Târih üzerine yazılan yazıların çoğunda, ‘târih nedir’ sorusu sık sık yer alır. Biz böyle bir soru sorup, buna bir takım anlaşılmaz cevaplar bulmaya girişmeden, bir çok târihçinin veyâ târih felsefecisinin ‘târih şudur’, ‘târih budur’ yollu düşüncelerini aktarmaya kalkışmadan, böyle bir soruya kendimizce cevap oluşturabileceğini düşündüğümüz şahsî fikrimizi kestirmeden söylemek isteriz: Târih, bizce hâfızadır. Bunu millî hâfıza ve beşerî veyâ cihan-şümûl hâfıza diye ikiye ayırmak mümkündür. Tek bir milleti dikkate alıyorsak, millî hâfızadan; millet ayırımı yapmadan bütün insanlığı hesâba katıyorsak, beşerî veyâ cihan-şümûl hâfızadan söz ediyoruz demektir. Bu bakımdan, dünyâda ne kadar millet varsa, o kadar da hâfıza var diyebiliriz. Fakat üzerinde yaşadığımız yerkürede bütün insanların –hangi coğrafyada, hangi mekânda yaşarlarsa yaşasınlar–, bâzı farklılıklar gözlense bile, insan olmaktan kaynaklanan ortak yönleri, benzer idrâkleri, benzer korku ve sevinçleri, İslâmî terminoloji ile benzer mebde’ ve me’âd anlayışları, benzer evren ve metafizik düşünceleri, bir çok bakımdan kesişen ortak hayat tarzları vardır. Bütün bunlar, ortak bir hâfızanın teşekkülünü mümkün kılar; öyleyse bu çerçevede bir de cihan-şümûl hâfızadan söz edebiliriz. Parti, grup, dernek, futbol takımı gibi âidiyetlerin oluşturduğu ortak hâfızayı ise bu değerlendirmenin dışında tutuyoruz.

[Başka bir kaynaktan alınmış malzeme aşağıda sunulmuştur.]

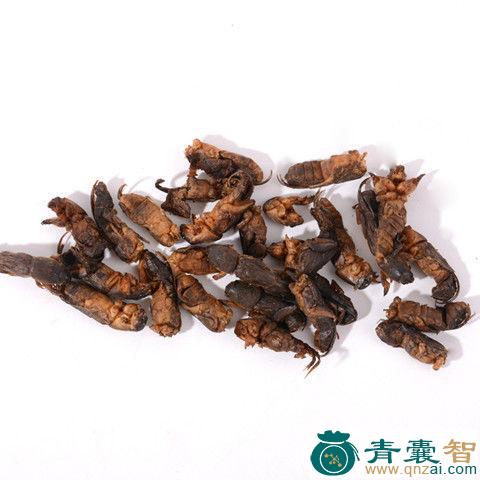中药材蝼蝈图片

Hâfıza geçmişle ilgilidir; diğer bir deyişle hâfızamız geçmişte oluşur; bu, fert fert hepimiz için geçerlidir. Başka bir ifâdeyle, her insanın bir hâfızası vardır ve bu, dünyâya gelişimizden içinde bulunduğumuz âna veyâ idrâk ettiğimiz yaşa kadar başımızdan geçenlerin, fâili veyâ mef’ûlü olduğumuz fiillerin tamâmının hâsılasıdır; bunu kültürel kimliğimiz olarak da görebiliriz. Biz, insan olarak etimizin, kemiğimizin, kanımızın dışındaki varlığımızla büyük ölçüde bu hâfızanın mahsûlüyüz. Hâdiseler karşında gösterdiğimiz tepkilerin aldığı istikâmeti bu hâfıza belirler. Fert olarak başka insanlara bakışımızı bu hâfıza şekillendirir; sevgilerimizi, nefretlerimizi bu hâfıza biçimlendirir. Komşumuzu, köylümüzü, şehirlimizi, bir bütün olarak ülkemizin insanlarını, bu hâfıza yardımıyla benimseriz veyâ iteriz. Eğer o insanlarla daha önce, yâni geçmişte şöyle veyâ böyle bir ilişki içerisinde bulunmamış, bir takım mekânları paylaşmamış, bâzı hâdiseleri ortaklaşa yaşamamış olsaydık, diğer bir ifâdeyle, o insanlara karşı hâfızamızda olumlu veyâ olumsuz herhangi bir kanaat oluşmasaydı, pek muhtemeldir ki, kendilerine karşı nötr durumda kalırdık. Sokakta daha önce tanıdığımız birisini görünce selâmlaşırız; biraz hukûkumuz varsa sohbet ederiz; aynı mahallenin sâkini isek, karşılıklı âile fertlerimizin durumunu sorarız; can-ciğer dost isek, geçmişte birlikte yaşadıklarımızı hatırlarız, hâtıralarımızı paylaşırız. Karşılaştığımız kimse ile olan ilişkimizin niteliği olumsuz bir arka-plâna sâhipse, onu görmezden gelir, yolumuza devâm ederiz.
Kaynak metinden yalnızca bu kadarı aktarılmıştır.